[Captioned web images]
———

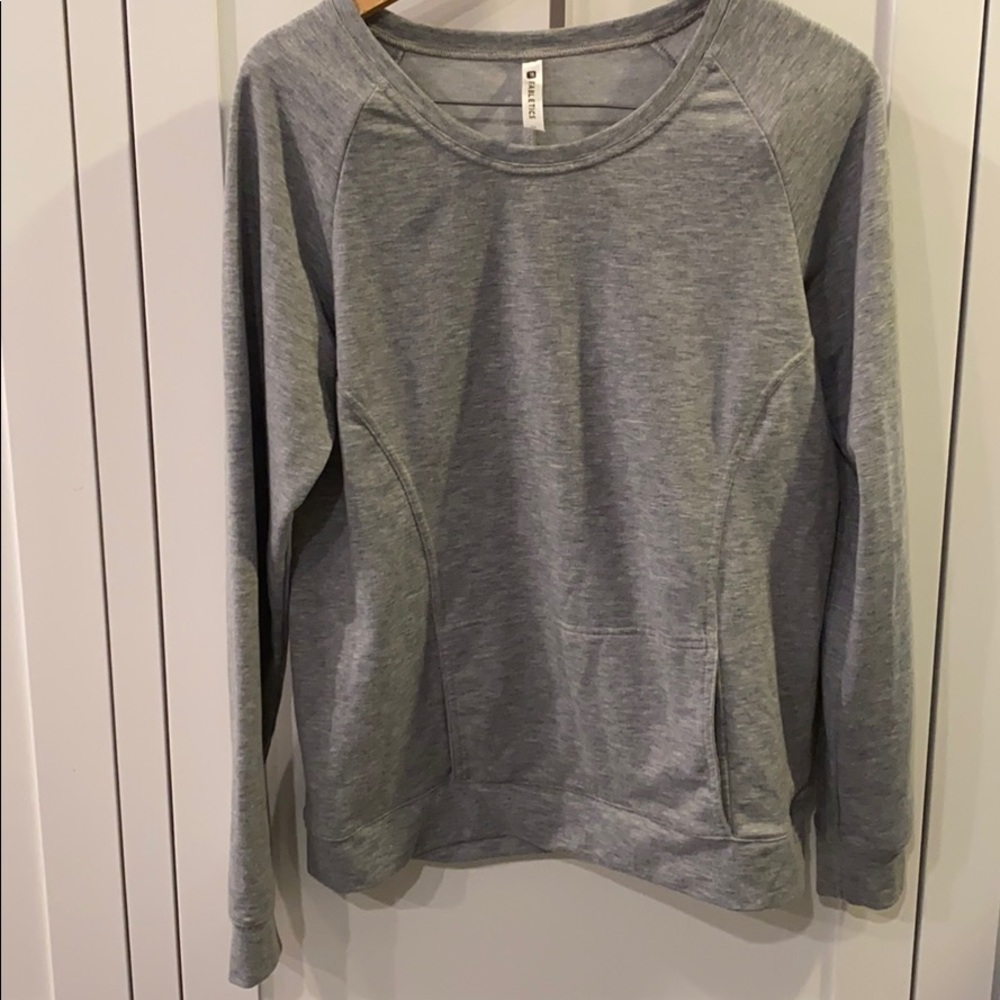 Fabletics Womens Sweatshirt in Gray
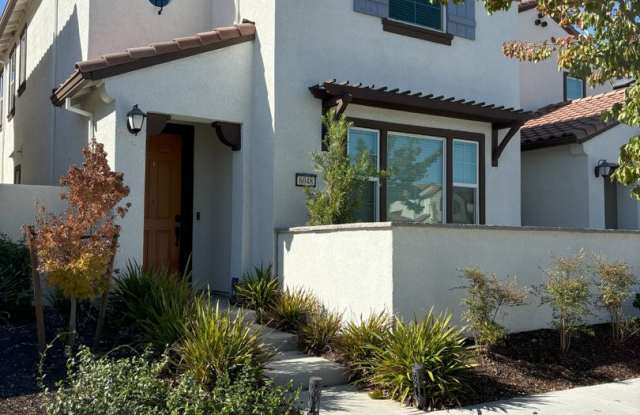 Beautiful Roseville House - 6048 Campus Parkway, Roseville, CA 95747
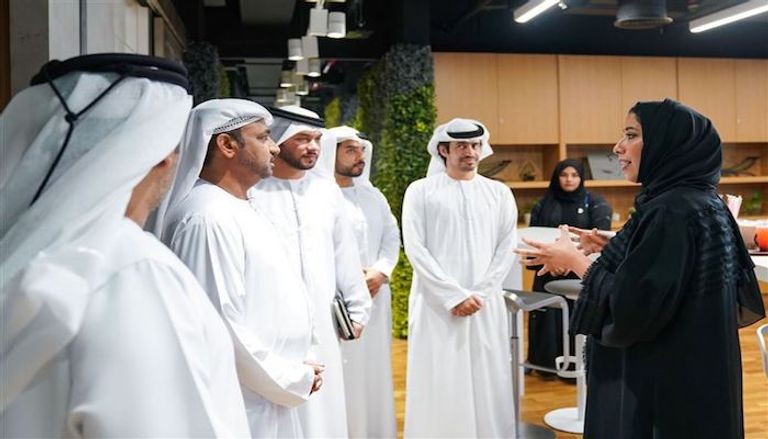 منى المرّي وحمدان الكعبي خلال الزيارة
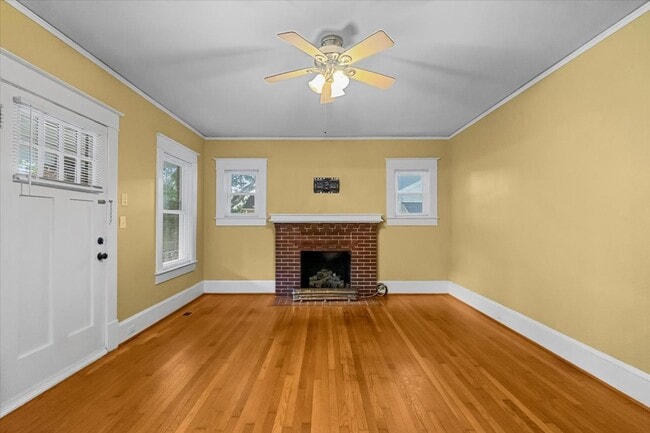 Photo - 707 Mayflower Dr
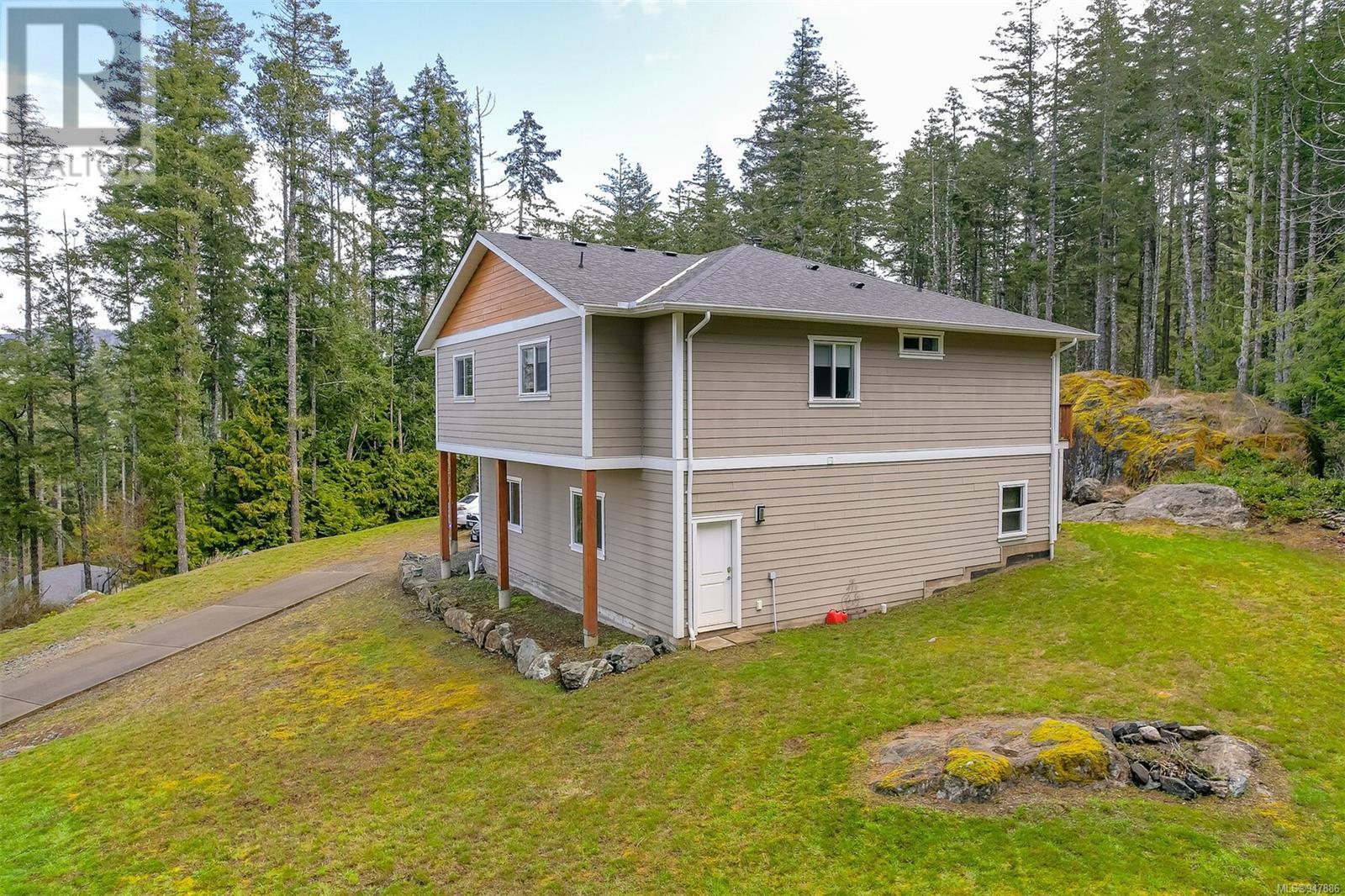 3038 Otter Point Rd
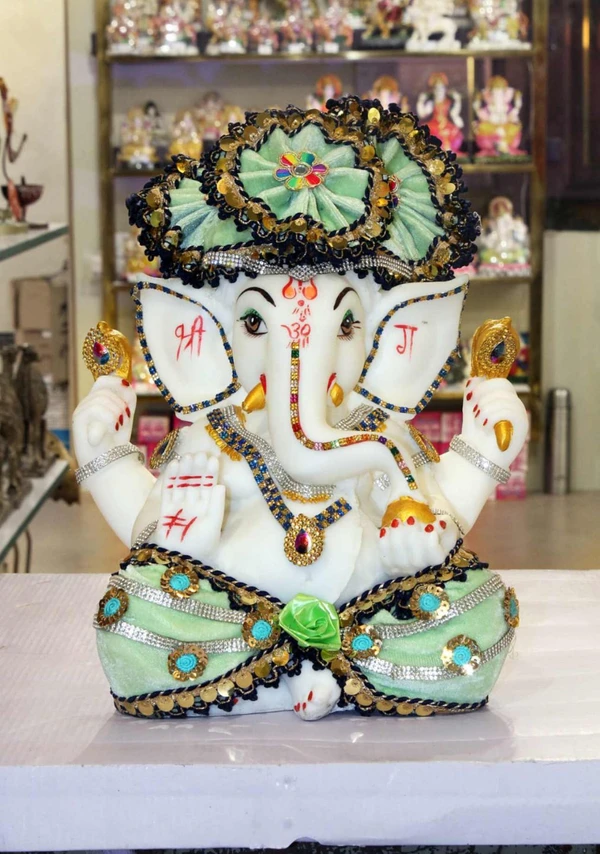 Ganesha Murti Choti Pagdi Ganesh Dress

———

Return the records word for word, leaving every picture out of the copy.

 Fabletics Womens Sweatshirt in Gray
 Beautiful Roseville House - 6048 Campus Parkway, Roseville, CA 95747
 منى المرّي وحمدان الكعبي خلال الزيارة
 Photo - 707 Mayflower Dr
 3038 Otter Point Rd
 Ganesha Murti Choti Pagdi Ganesh Dress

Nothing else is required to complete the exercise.